# Open Trade info



## Spazkatt (31 Oct 2004)

How can one find out which trades are currently open? Is this a "go to your recruiter" kinda thing? The recruiting website search was fruitless. Any thoughts?
Thanks


----------



## speed400m (1 Nov 2004)

I would like to know this as well.  I am guessing but, I bet that the trade with incentives is open.


----------



## Spazkatt (1 Nov 2004)

Makes sense to me.


----------



## meni0n (1 Nov 2004)

You have to go down to the recruiting office and ask.


----------



## Spazkatt (1 Nov 2004)

Gotcha. Thanks.


----------



## Spazkatt (8 Nov 2004)

Just to let those interested know.....went down to the recruiting office in Hamilton...got a bunch of info and was told what trades are hurting more than others.

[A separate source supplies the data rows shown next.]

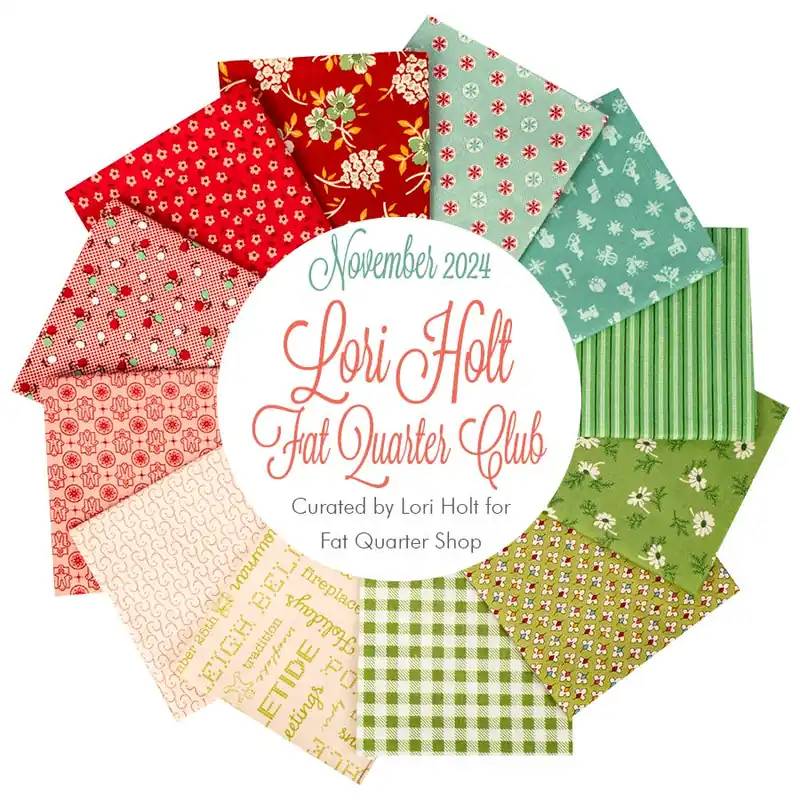 Exclusive November 2024 Lori Holt Fat Quarter Bundle | Fat Quarter Shop Exclusive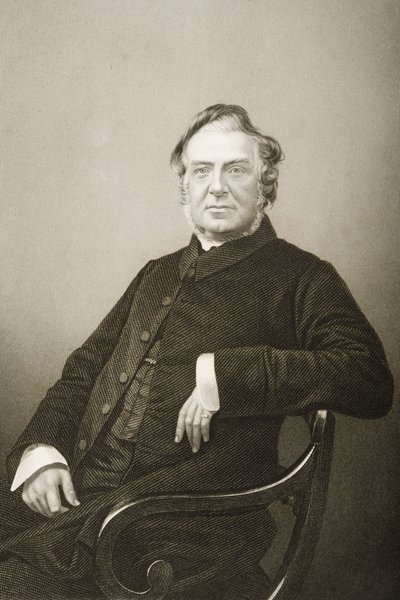 Hugh Stowell（1799-1845）由DJ Pound在1860年伦敦出版的“着名人物绘画室”第2卷中的照片上刻下 作者 约翰·贾比斯（John Jabez）Edwin Paisley Mayall
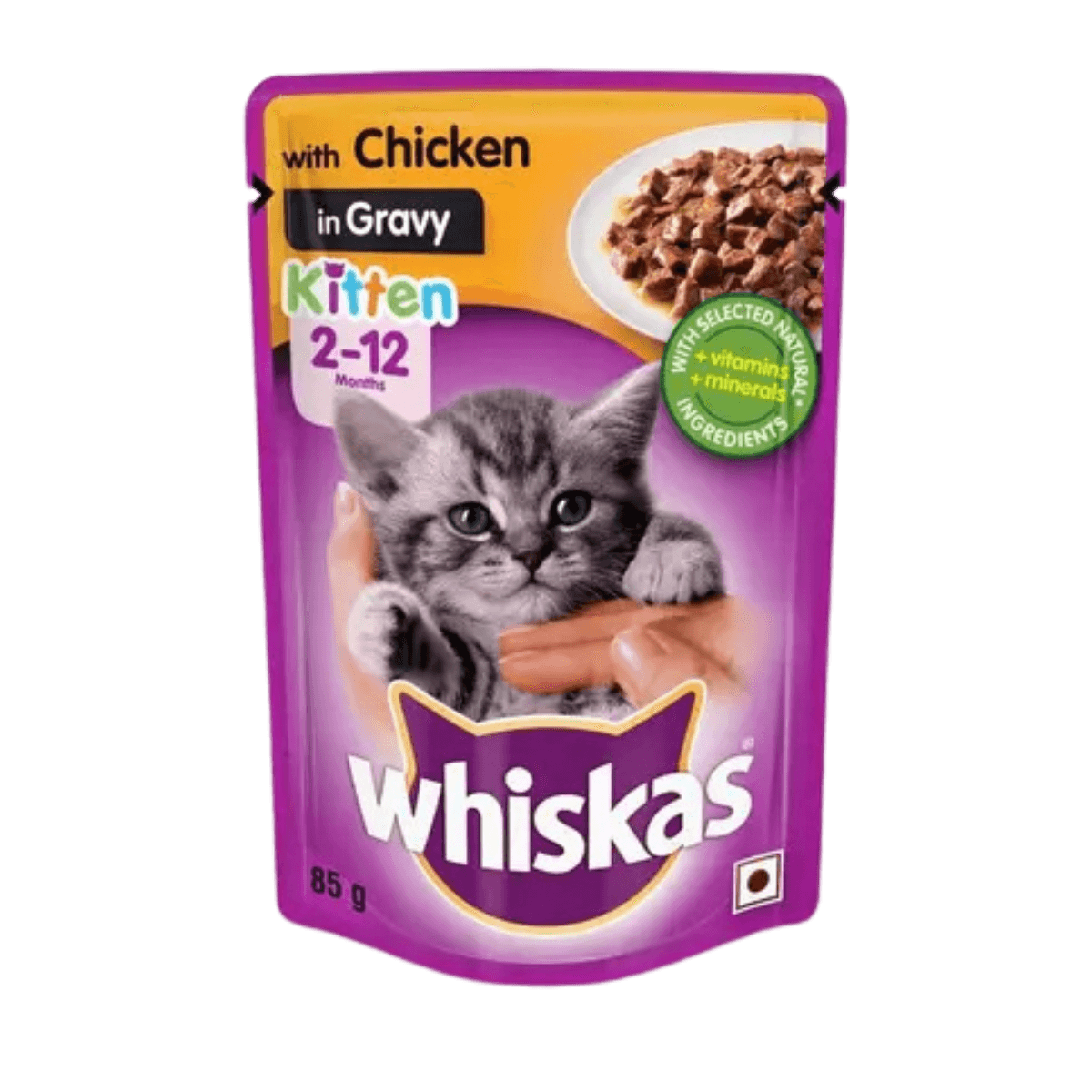 Whiskas Kitten Cat Pouch Chicken 85gm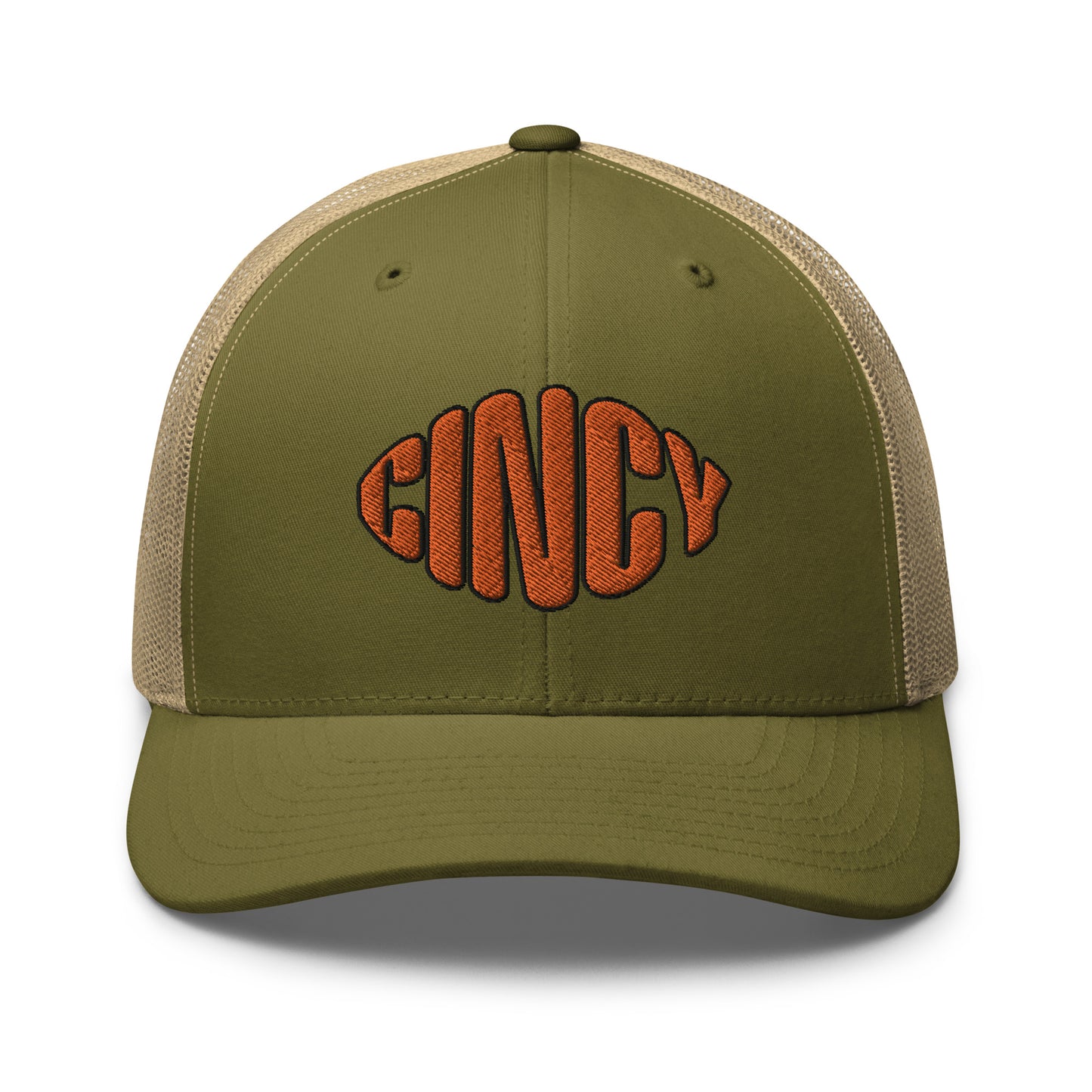 Cincy Football Text Trucker Cap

The fella down there was very helpful and friendly, and made the visit a pleasant one!


----------



## Griswald DME (8 Nov 2004)

They told you what trades were hurting more than others?  Damn I wish I got that kinda awesome service!  Mind telling us what trades were hurting?


----------



## Spazkatt (8 Nov 2004)

LOL...I hope I didn't open a can o' worms with that one.....well...let's just say even before I asked about trade openings I just happened to say I have an interest in radios...Ham...shortwave...whatever. He then informed me that CF are hungry for Sig Ops..(right down my alley)....and Infantry, of course.


----------



## Tracker (9 Nov 2004)

The open/closed list changes often, it is best if you go to a CFRC to check yourself.


----------



## Griswald DME (9 Nov 2004)

yeah, I can get the CFRC to tell me what trades are open, but not any info. on what trades are "hurting"


----------



## jarko (10 Nov 2004)

Hows the Reg 031 (Infantry) ?? Thanks


----------



## Spazkatt (12 Nov 2004)

I'll tell ya only based on what I read on these threads. I get the impression that Infantry are always wanted.....but what I say should be taken with a grain of salt.


----------